Court of Appeals of Alabama
Jun 30, 1928
117 So. 605 (Ala. Crim. App. 1928)

Opinion

8 Div. 729.

June 30, 1928.

Appeal from Circuit Court, Franklin County; Charles P. Almon, Judge.

Archie Lawler was convicted of manslaughter in the first degree, and he appeals. Reversed and remanded.

Charge 10, refused to defendant, is as follows:

"(10) It is not necessary, under the evidence in this case, that defendant should have been actually in danger of death or great bodily harm at the time he killed Grissom. He had the right to act on the appearance of things at the time, taken in the light of all the evidence proves Grissom to have made against him. If the circumstances of the killing were such as to justify a reasonable man in the belief that he was in danger of great bodily harm or death, and he honestly believed such to have been the case, then he had a right to shoot Grissom in his own defense, although, as a matter of fact, he was not in actual danger; and, if the jury believe from the evidence that defendant acted under such conditions and circumstances as above set out, the burden of showing that he was not free from fault in bringing on the difficulty is on the state, and, if not shown, the jury should acquit."

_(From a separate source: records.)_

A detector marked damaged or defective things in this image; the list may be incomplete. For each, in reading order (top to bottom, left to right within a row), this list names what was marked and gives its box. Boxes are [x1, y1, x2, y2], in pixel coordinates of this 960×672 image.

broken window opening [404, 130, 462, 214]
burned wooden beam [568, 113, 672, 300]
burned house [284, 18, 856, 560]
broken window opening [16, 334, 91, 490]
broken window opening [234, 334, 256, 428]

Bradshaw Barnett, of Florence, for appellant.

There was no duty on defendant to retreat. Lawler v. State, ante, p. 329, 115 So. 420; Watts v. State, 177 Ala. 28, 59 So. 270.

Charlie C. McCall, Atty. Gen., for the State.

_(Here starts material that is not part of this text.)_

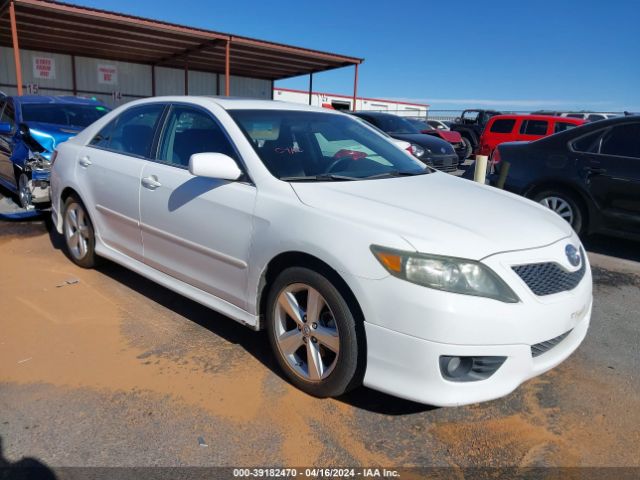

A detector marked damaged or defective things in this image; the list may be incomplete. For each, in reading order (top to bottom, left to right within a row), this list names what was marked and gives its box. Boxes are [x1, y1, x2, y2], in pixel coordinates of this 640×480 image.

Brief did not reach the Reporter.


The indictment preferred by the grand jury charged this appellant with the offense of murder in the first degree, but the trial thereunder resulted in his conviction, by the jury, of manslaughter in the first degree with his punishment fixed at imprisonment in the penitentiary for a term of six years. The killing of Edgar Grissom by having been shot with a pistol by defendant was not denied. He admitted the killing, but insisted that in so doing he acted in self-defense. The state insisted, and offered much evidence to sustain the insistence, that the killing was a palpable and inexcusable murder of an unarmed man with whom the accused was admittedly on bad terms. However meritorious the state's insistence may appear from the record, the judgment of conviction appealed from cannot be sustained if injurious and prejudicial error occurred upon the trial, and this seems to be clearly evident in the court's rulings upon the question of the law of self defense.

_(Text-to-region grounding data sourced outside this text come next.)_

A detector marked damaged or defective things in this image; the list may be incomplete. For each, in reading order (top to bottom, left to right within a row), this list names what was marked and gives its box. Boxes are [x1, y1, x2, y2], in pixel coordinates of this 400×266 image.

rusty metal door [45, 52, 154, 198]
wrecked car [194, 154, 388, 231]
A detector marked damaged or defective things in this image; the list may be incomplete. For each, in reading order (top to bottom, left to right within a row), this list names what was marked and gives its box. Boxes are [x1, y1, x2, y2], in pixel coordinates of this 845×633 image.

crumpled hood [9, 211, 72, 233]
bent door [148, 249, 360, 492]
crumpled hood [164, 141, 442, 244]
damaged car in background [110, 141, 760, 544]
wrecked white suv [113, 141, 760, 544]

Under the undisputed evidence in this case, Archie Lawler, the defendant, was a welcomed guest in the home of his kinsman where the killing occurred; he was therefore under no duty to retreat. "A man is not required to retreat from his own house." Crawford v. State, 112 Ala. 1, 21 So. 214. A guest in a dwelling house is entitled to all the protection the law affords the owner. In Crawford's Case, supra, the court said:

"The law has been long settled that a guest in a dwelling house is entitled to the protection the law affords to the owner or more permanent occupant."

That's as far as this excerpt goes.